“…Quando sei qui con me, questa stanza non ha più pareti ma alberi, alberi infiniti … quando sei qui vicino a me, questo soffitto viola no, non esiste più, io vedo il cielo sopra noi che restiamo qui, abbandonati come se non ci fosse più, niente più niente al mondo …”. «Abbiamo trovato la macchina tutta crivellata di colpi e, mi è rimasto proprio impresso, c’era la canzone “Il cielo in una stanza” ancora che suonava alla radio», riferirà un uomo appartenente alle forze dell’ordine, il primo a giungere sul luogo del delitto del giudice Antonino Saetta, che viene trovato ucciso, insieme al figlio Stefano, lungo la strada statale 640, nella notte del 25 settembre 1988. Il corpo del padre è riverso su quello del ragazzo, come un estremo tentativo di Antonino di salvare la vita a suo figlio, in un ultimo drammatico abbraccio. Due corpi riversi, crivellati di colpi, poco distanti da Canicattì, in provincia di Agrigento, la città del magistrato.

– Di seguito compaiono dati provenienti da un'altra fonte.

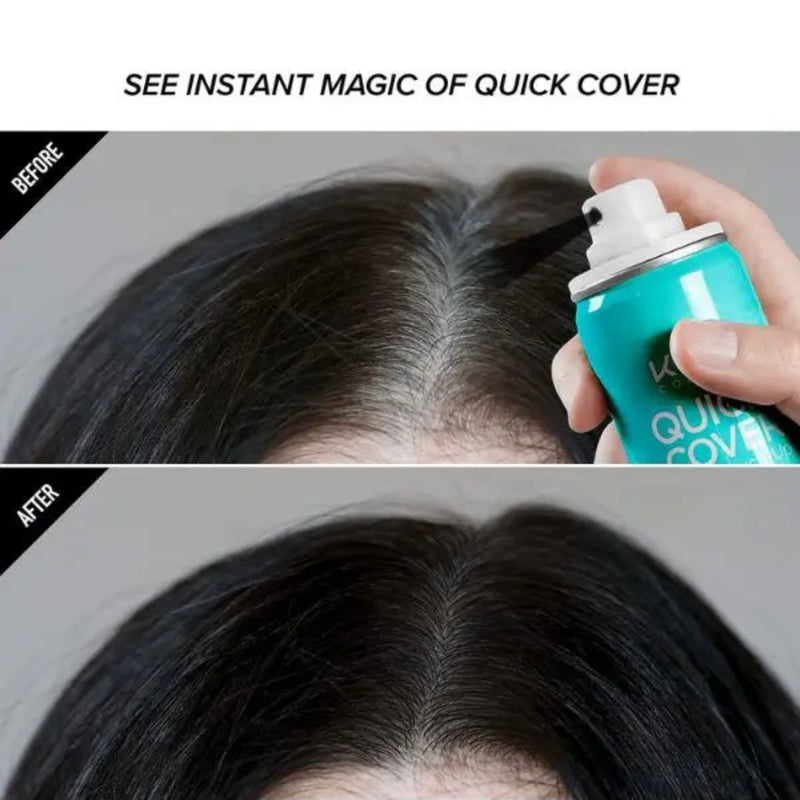 Before and after comparison of hair product application with a hand holding a can labeled 'Quick Cover'.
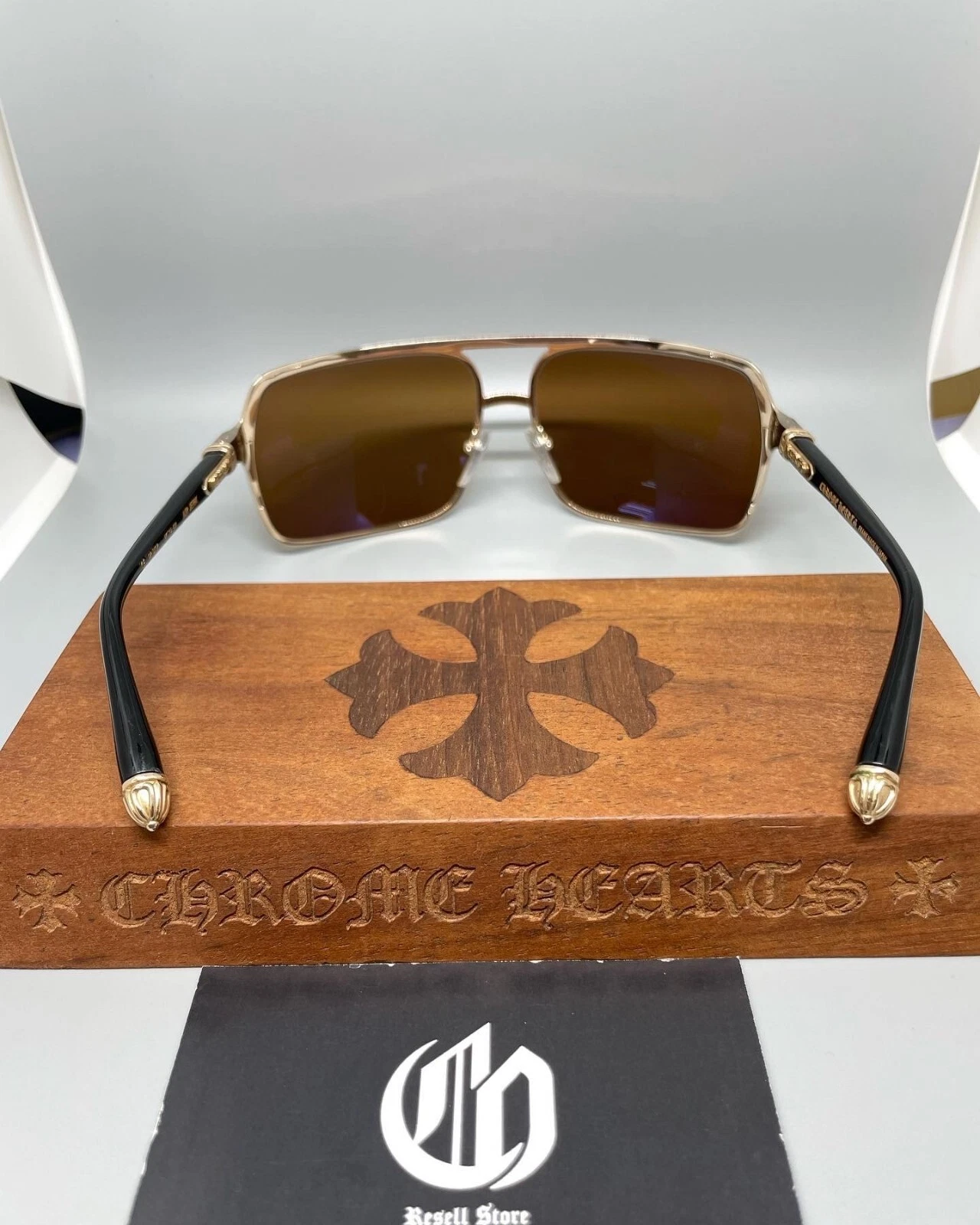 😎 New Chrome Hearts AIR JERK GP-BK-P  67 □ 15 - 131 Black Gold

Antonino Saetta aveva 65 anni, era il presidente della prima sezione della Corte d’Appello di Palermo, si era occupato di importanti processi di mafia, in particolare del processo relativo alla uccisione del capitano dei Carabinieri, Emanuele Basile, che vedeva imputati i pericolosi capimafia emergenti Vincenzo Puccio, Armando Bonanno e Giuseppe Madonia. Negli anni precedenti si era occupato della strage in cui morì il giudice Rocco Chinnici e i cui imputati erano i Greco di Ciaculli. Il processo si era concluso con un aggravamento delle pene e delle condanne rispetto al giudizio di I grado.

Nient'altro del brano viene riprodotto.